Companies and limited partnerships resident for tax purposes in a jurisdiction outside of the BVI are classed as ‘non-resident’, except for those claiming tax residency in jurisdictions included on the EU list of non-cooperative jurisdictions (also known as the ‘EU Blacklist’), and thus fall out of scope of the economic substance requirements.
It should be noted that all BVI companies and all limited partnerships with legal personality, regardless of whether they are a ‘legal entity’ or carrying out a Relevant Activity, will need to make an annual report under the ES Act starting in 2020 regarding their compliance with the economic substance requirements or providing evidence of tax residency outside of the BVI for the previous financial period.
Under the ES Act, economic substance is assessed by reference to ‘financial periods’, usually a year in length. For entities in existence before 1 January 2019 the default first financial period starts from 30 June 2019. For all other entities, the first financial period starts on the day of incorporation or formation. However, a legal entity may apply to the ITA to alter its financial period, ie to bring it in line with its financial year end.
A legal entity is required to demonstrate economic substance in the BVI for a financial period in which it engages in any Relevant Activity.
A legal entity is subject to the economic substance requirements if it conducts any of the following Relevant Activities:
- Banking business
- Distribution and service centre business
- Finance and leasing business
- Fund management business
- Headquarters business
- Holding business
- Insurance business
- Intellectual property business
- Shipping business
Each of the above activities is defined in the ES Act and we have put together a summary table of the definitions.
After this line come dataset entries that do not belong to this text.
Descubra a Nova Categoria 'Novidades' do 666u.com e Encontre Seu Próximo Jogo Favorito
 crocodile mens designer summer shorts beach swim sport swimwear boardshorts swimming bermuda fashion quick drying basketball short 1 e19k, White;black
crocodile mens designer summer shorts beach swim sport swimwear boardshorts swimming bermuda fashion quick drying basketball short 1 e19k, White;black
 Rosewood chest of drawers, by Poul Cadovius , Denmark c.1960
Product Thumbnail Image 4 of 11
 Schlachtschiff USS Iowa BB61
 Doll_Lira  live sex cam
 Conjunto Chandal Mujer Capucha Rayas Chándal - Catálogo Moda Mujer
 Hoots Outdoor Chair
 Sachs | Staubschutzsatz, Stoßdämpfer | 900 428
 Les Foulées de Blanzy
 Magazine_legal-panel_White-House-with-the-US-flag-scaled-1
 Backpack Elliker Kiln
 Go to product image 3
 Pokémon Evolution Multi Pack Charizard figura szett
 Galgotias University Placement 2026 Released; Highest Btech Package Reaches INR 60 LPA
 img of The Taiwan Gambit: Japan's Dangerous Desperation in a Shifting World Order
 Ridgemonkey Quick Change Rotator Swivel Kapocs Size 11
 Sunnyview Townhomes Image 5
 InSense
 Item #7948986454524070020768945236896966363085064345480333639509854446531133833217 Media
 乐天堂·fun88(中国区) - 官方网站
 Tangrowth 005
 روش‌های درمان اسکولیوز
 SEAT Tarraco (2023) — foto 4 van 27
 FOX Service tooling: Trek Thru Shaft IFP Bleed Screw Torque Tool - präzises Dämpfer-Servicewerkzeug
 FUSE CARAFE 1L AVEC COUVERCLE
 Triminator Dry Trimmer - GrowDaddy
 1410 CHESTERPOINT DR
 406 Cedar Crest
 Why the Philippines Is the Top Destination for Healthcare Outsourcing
The draft Code notes that the business of being an investment fund is not a defined Relevant Activity, however it is possible that a fund may be carrying on holding company business if it only holds equity participations in other entities and only earns dividends and capital gains. The treatment of investment funds is still under review by the EU, and it is anticipated that further requirements/guidance will be provided by the ITA following the EU’s feedback.
The Economic Substance Test
In order to have economic substance in the BVI, a legal entity that falls under the ES Act, with the exception of a pure equity holding entity (see below), must be able to demonstrate that:
- the relevant activity undertaken is directed and managed in the BVI
- the core income generating activities are carried out in the BVI
- taking into account the level of income generated from that relevant activity carried out in or from within the BVI, it has
- an adequate number of full-time employees / personnel with appropriate qualifications in the BVI
- adequate physical assets or physical presence in the BVI (including maintaining a place of business)
- adequate operating expenditure incurred in or from within the BVI.
Core income generating activities
Core income generating activities (CIGA) are defined as activities that are being carried out in the BVI and are of central importance to the legal entity in terms of generating income. Depending on the relevant activity, the CIGA will differ. Marbury advises that each tax-resident legal entity carefully decipher which of its activities constitute as the core income generating ones.
The Substance Test above may be satisfied in relation to a relevant activity if the legal entity outsources its BVI CIGA, in relation to that relevant activity, to a third-party within the jurisdiction. The legal entity must, however, be able to prove that it is able to monitor and control the BVI CIGA being carried out.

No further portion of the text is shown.